To minimize the risk of particulate contamination, sensitive products are commonly manufactured within a pollutant controlled system. As defined herein, the term “pollutant controlled system” encompasses various types of enclosed constructs that are designed to create a clean, low particulate workspace and includes, but is not limited to, (i) smaller, bench-mountable hoods, each typically constructed as a multi-sided enclosure with an enlarged front opening, (ii) larger inflatable canopies, or tents, each typically constructed with a free-standing frame covered with fabric walls, and (iii) entire rooms, or cleanrooms, within a manufacturing facility into which multiple technicians can comfortably enter and perform requisite tasks.

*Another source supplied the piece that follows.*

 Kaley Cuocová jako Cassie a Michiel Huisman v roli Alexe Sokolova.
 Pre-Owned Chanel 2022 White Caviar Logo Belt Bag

Pollutant controlled systems of the type as described above are typically classified in efficiency by measuring the number of certain sized particles per cubic foot of air. A particle counter is a light-scattering instrument that is commonly used to measure the concentration of airborne particles at designated sampling locations within a tested workspace.
For perspective, an ordinary room in an untreated manufacturing facility can contain at least as many as 1,000,000 particles of at least 0.5 micron size per cubic meter of air. A workspace with this particle count is commonly referred to in the art as a Class 1,000,000, or ISO 9, standard workspace.
By contrast, pollutant controlled workspaces can often achieve considerably lower particle counts. For instance, a Class 1,000, or ISO 6, standard workspace contains no greater than 1,000 particles of at least 0.5 micron size per cubic meter of air. Additionally, a Class 100, or ISO 5, standard workspace contains no greater than 100 particles of at least 0.5 micron size per cubic meter of air. Further, a Class 1, or ISO 3, standard workspace contains no greater than a single particle of at least 0.5 micron size per cubic meter of air. As can be appreciated, maintaining a fabrication workspace with limited particle counts as set forth above has been found to considerably improve product yields.
Regardless of its size and/or construct, pollutant controlled systems often rely upon a downward, laminar flow or air that is produced by at least one fan filter unit disposed directly above the intended workspace (e.g. in the ceiling of a cleanroom). For instance, referring now to FIG. 1, there is shown a simplified section view of a conventional pollutant controlled system 11 that maintains a low particulate workspace 13 using a downward, laminar flow of clean air.
As can be seen, system 11 includes a cabinet-like enclosure 15 comprising a plurality of walls, or panels, 17 that together define clean workspace 13. A fan filter unit 19 is mounted in the top of enclosure 15 and includes a fan, or blower, 21 disposed above at least one filter 23 that is designed to remove at least 99.97% of particles greater than 0.3 micron in size.
In use, blower 21 continuously drives source air 25 through filter 23 to yield clean, or treated, air 27. As part of the design of fan filter unit 19, clean air 27 is blown vertically downward through workspace 13 as a disperse laminar flow. This laminar air flow pushes any airborne particles 29 present within workspace 13 vertically downward. The trapped, contaminated air is then either treated or extracted entirely from workspace 13 through a vent, or outlet, 31 located in a lower region of enclosure 15.
As can be appreciated, the larger the size of the designated clean workspace, the greater the volume of clean air that must be routinely treated and cycled therethrough. For this reason, it has been found to be considerably less expensive to create and maintain clean workspaces of smaller volumes. Accordingly, it is often desirable to customize an enclosure for a pollutant controlled system that is slightly larger than the particle sensitive process or machine for which it is intended.
Pollutant controlled systems that rely upon a downward, laminar air flow have been found to suffer from a couple notable shortcomings.
As a first shortcoming, pollutant controlled systems that rely upon a downward, laminar flow have been found to be ineffective when the workspace is populated with one or more horizontally disposed elements (e.g. tables, shelves or sections of a continuous flexible substrate, or web, driven horizontally by rollers through different treatment stations). Specifically, downward displacement of debris across horizontal elements creates circulation issues within the workspace. As a result, areas of poor, or stagnant, air circulation are created immediately beneath each horizontal element and, as such, produce regions in which particulates accumulate. Additionally, the presence of horizontal elements causes turbulence in the clean air flow, resulting in the pressurization and swirling of particles throughout the workspace. Accordingly, particulates present throughout the workspace can eventually fall by gravity or be attracted electrostatically onto potentially sensitive surfaces, resulting in less than optimal production levels.
As a second shortcoming, pollutant controlled systems that rely upon a downward, laminar flow have been found to be ineffective when the enclosure is opened (e.g. through a door or window) in order to access the pollutant controlled workspace. Most notably, opening the enclosure not only causes clean air to prematurely escape from the workspace but also contaminated air to enter into the workspace, thereby creating inefficiencies.